L'ex CTO di Ripple: '90% di probabilità' di truffe di impersonificazione su Instagram per gli utenti crypto

L'ex CTO (emerito) di Ripple ha lanciato un severo avvertimento alla comunità delle criptovalute questa settimana: esiste una 'probabilità del 90%' di imbattersi in truffe di impersonificazione su Instagram. L'allerta, rivolta direttamente agli utenti crypto, punta a una minaccia crescente che affligge le piattaforme social da mesi. I truffatori diventano sempre più audaci, e l'ex dirigente vuole che le persone capiscano quanto il problema si sia diffuso.

L'avvertimento

In una dichiarazione pubblicata mercoledì, l'ex CTO di Ripple ha affermato che le probabilità di incontrare un account falso che si spaccia per una figura nota sono allarmantemente alte. La cifra del '90% di probabilità' non è una misura precisa, ma un modo diretto per dire che quasi chiunque sia attivo nelle discussioni crypto su Instagram verrà probabilmente preso di mira. L'avvertimento non ha nominato specifici impostori, ma ha esortato gli utenti a rimanere vigili e a verificare le identità prima di interagire.

Come funzionano le truffe

L'impersonificazione su Instagram è un copione ben collaudato. I truffatori copiano foto profilo, biografie e persino nomi utente di personaggi influenti nel mondo crypto — fondatori, dirigenti, analisti. Poi si infilano nei DM o pubblicano commenti offrendo falsi giveaway, consigli di investimento esclusivi o supporto tecnico. L'obiettivo finale è sempre lo stesso: convincere la vittima a inviare criptovalute o a cedere le proprie chiavi private. Per chi è nuovo nel settore, distinguere un account reale da uno falso può essere difficile.

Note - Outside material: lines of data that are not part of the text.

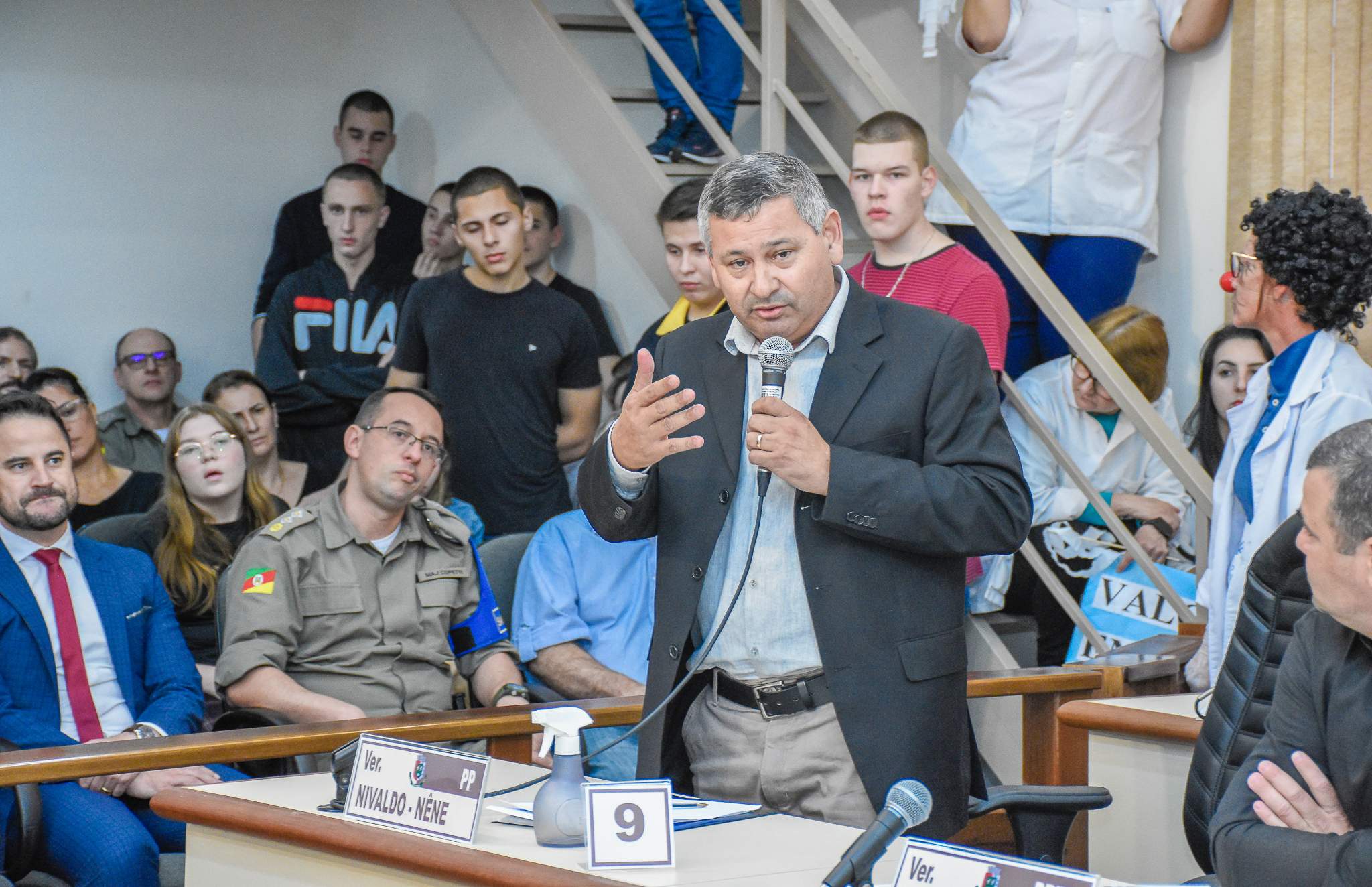 Confira as demandas debatidas na Sessão Ordinária da última segunda-feira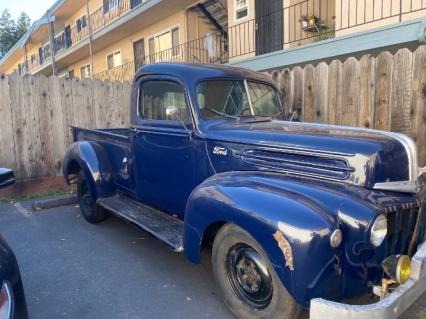 1947 Ford Pickup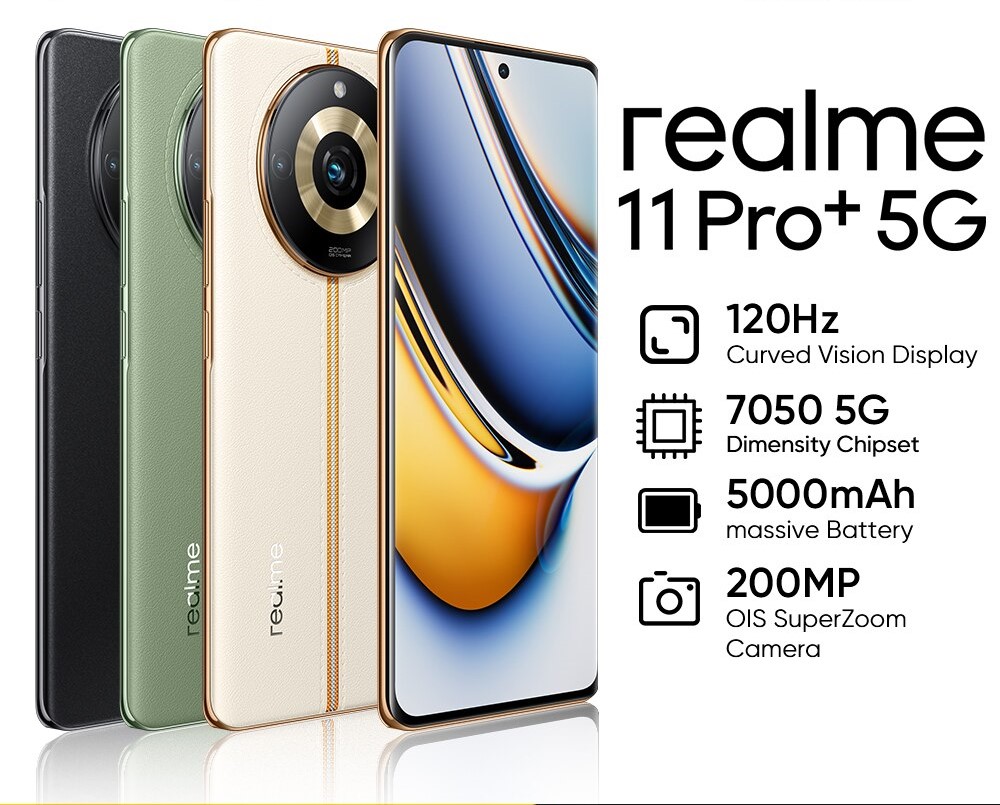 смартфон Realme 11 Pro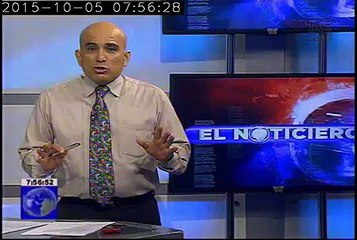 Dos heridos en accidente de tránsito en la madrugada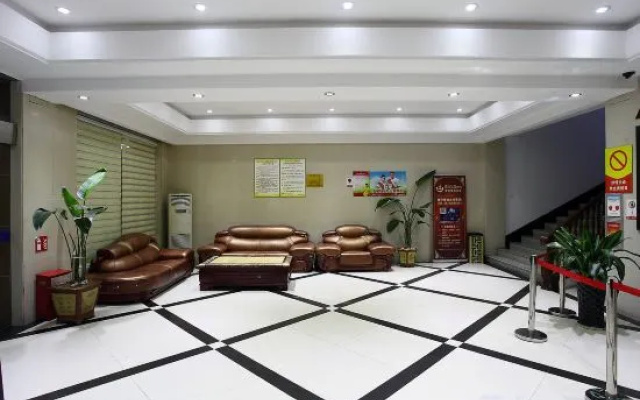Taizhou Hotel – Lobby – Ningbo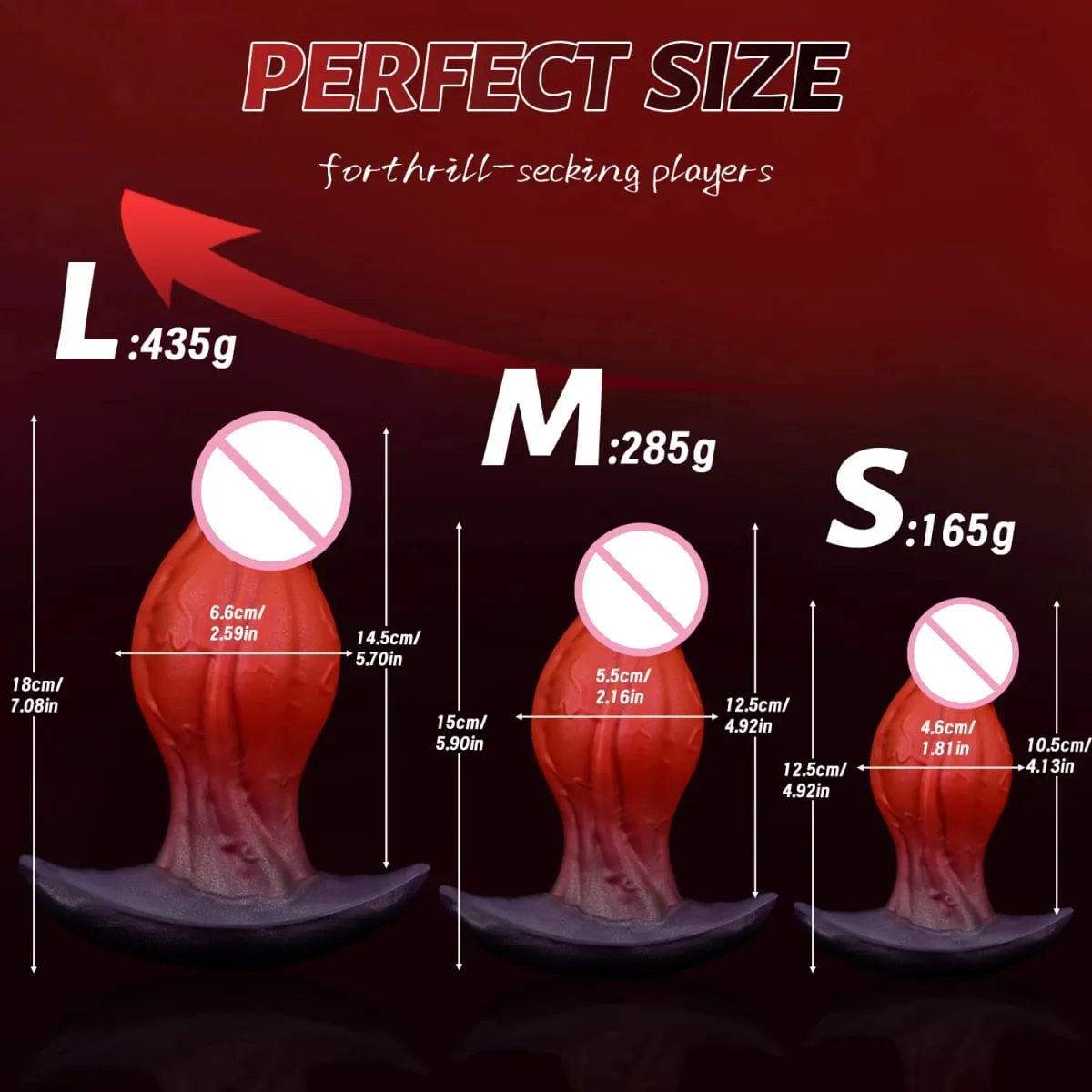 Vibrador realista grande nó wearable anal plug silicone líquido butt plug vaginal anal massagem de próstata brinquedos sexuais adultos para mulheres homens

La tempistica dell'avvertimento non è casuale. L'adozione delle criptovalute è in aumento e con più utenti arrivano più bersagli. Instagram, da parte sua, ha politiche contro l'impersonificazione, ma l'applicazione può essere lenta. Per la comunità crypto — già diffidente verso hack e rug pull — questo è un altro fronte nella lotta per mantenere al sicuro i fondi. La statistica brutale dell'ex CTO è un promemoria che la minaccia non è astratta: è nel tuo feed di notifiche.

Rimanere al sicuro

Non esiste una soluzione valida per tutti, ma il messaggio è semplice: fermati prima di fidarti. Controlla i badge di verifica, incrocia i nomi utente con i siti web ufficiali e non inviare mai denaro in base a un messaggio diretto. La frase del '90% di probabilità' non vuole spaventare — vuole preparare. Gli utenti farebbero meglio a presumere che un account sia falso fino a prova contraria.

La comunità crypto è ora in allerta, ma gli impostori non se ne andranno. Finché ci saranno soldi che circolano sui social media, i profili falsi continueranno a moltiplicarsi. L'unica difesa è una sana dose di scetticismo — e un dito pronto a premere il pulsante di segnalazione.